La fin du mois d’août est toujours déprimante. Excitante. Je songe à toutes ces choses, à ces vagues dans la Manche que j’aurais voulues plus fortes, aux pas qui s’enfoncent dans le sable mouillé parce que la marée est basse, aux gaufres dévorées sans le soucis des calories, à ces livres abîmés dans la valise, aux kilomètres parcourus le long de la côte, à ces parties d’échecs où je n’arrive jamais à garder mes deux fous jusqu’à la fin. Parce que j’ai beau les libérer dès les premiers coups comme il me l’a appris, j’ai beau faire avancer mes pions B2 et G2, j’ai beau tenter de les protéger avec des tours qui finissent toujours par être encerclées, avec une reine qui bouge parfois trop, avec un cavalier qui se mord toujours la queue, je les perds toujours. Peut-être parce que je n’ai pas la vocation de voir les choses en diagonale. Et je perds. Je m’y perds. J’oublie le roi, je sacrifie des pions pour sauver un royaume chancelant, un royaume qui n’est plus protégé, un royaume bancal. La reine finit toujours sur l’échafaud au moment où elle ne s’y attend pas. De manière lâche quoique toujours différente. De manière révolutionnaire donc. Les tours s’écroulent trop vite et les cavaliers deviennent fous, à cavaler dans des directions purement aléatoires, trois cases à droite, une en haut, deux à gauche. Je les imagine volontiers les yeux rouges, la bave blanchâtre perlant sur le mors. C’est mon côté théâtral. De toute manière, je le sais, ils le savent, ils sont condamnés. Alors autant disparaître avec panache. Le Roi finit toujours seul, comme tous les rois. D’abord il se protège, puis fuit, mais est vite encerclé. On peut résister longtemps à un siège, mais longtemps, ce n’est pas toujours. Alors lui-même disparaît et j’entends toujours le même refrain : Echec et mat.

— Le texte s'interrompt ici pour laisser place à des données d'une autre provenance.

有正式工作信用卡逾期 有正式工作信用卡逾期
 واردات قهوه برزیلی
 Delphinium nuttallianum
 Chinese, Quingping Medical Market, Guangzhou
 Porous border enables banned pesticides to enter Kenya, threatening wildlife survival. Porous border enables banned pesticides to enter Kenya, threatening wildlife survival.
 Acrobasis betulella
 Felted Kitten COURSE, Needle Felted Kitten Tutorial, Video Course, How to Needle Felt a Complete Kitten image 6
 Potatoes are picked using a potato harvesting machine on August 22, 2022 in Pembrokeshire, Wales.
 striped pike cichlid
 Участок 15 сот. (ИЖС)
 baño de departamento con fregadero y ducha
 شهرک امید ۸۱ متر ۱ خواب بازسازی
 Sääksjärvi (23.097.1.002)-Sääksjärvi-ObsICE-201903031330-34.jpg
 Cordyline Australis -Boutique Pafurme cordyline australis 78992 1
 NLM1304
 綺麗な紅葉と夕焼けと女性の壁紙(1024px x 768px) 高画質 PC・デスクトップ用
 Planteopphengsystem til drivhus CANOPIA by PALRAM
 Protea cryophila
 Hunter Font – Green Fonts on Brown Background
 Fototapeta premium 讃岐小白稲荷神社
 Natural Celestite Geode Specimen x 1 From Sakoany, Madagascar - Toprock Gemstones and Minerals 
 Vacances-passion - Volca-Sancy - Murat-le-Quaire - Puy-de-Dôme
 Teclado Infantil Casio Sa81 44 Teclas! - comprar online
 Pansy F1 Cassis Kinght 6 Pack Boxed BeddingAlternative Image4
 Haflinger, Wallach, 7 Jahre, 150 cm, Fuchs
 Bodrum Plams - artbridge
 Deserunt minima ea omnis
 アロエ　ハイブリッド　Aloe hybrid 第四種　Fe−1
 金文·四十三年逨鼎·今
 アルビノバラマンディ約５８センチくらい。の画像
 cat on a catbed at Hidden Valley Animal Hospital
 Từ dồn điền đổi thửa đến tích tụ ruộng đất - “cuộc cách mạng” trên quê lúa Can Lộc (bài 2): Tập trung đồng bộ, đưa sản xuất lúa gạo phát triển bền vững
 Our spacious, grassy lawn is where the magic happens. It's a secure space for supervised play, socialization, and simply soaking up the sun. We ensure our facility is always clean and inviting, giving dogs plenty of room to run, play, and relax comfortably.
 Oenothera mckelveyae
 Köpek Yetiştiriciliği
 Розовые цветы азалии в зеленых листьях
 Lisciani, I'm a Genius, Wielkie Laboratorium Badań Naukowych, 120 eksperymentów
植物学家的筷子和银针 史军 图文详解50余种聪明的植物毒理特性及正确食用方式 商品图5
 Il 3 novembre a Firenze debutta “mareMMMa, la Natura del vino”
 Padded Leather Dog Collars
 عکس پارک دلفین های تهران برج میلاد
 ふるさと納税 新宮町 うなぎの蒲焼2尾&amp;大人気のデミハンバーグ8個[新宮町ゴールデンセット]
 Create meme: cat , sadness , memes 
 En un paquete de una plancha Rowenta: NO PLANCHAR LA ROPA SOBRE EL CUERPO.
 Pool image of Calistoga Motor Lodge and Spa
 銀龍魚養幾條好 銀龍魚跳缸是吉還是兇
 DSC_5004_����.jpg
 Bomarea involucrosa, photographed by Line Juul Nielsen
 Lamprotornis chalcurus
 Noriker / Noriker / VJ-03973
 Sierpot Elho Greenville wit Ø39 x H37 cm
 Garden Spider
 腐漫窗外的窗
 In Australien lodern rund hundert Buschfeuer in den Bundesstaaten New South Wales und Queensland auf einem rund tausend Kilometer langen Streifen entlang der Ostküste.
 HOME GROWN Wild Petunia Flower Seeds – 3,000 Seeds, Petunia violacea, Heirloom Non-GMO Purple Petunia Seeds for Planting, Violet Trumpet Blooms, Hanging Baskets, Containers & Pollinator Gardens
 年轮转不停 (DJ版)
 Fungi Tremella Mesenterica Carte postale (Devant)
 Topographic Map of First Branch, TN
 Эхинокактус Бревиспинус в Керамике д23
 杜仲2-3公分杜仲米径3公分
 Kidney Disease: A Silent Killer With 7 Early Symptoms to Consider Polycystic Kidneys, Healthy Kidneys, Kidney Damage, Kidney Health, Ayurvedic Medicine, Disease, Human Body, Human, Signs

Quand les vacances s’achèvent, c’est toujours un échec au roi. Et pourtant, c’est excitant. Parce que l’on sait que la partie va recommencer, que l’on va reposer les mêmes pions sur les mêmes cases, revoir les mêmes fous, les mêmes tours. Parfois on décide de changer de couleur. Alors le mois de septembre prend un air différent, gardant pourtant un air de déjà-vu. Alors seulement je peux reprendre mon agenda et repartir sur un rythme effréné. Un rythme que je connais déjà : faire sortir les pions B2 et G2 et après… Après la partie recommence.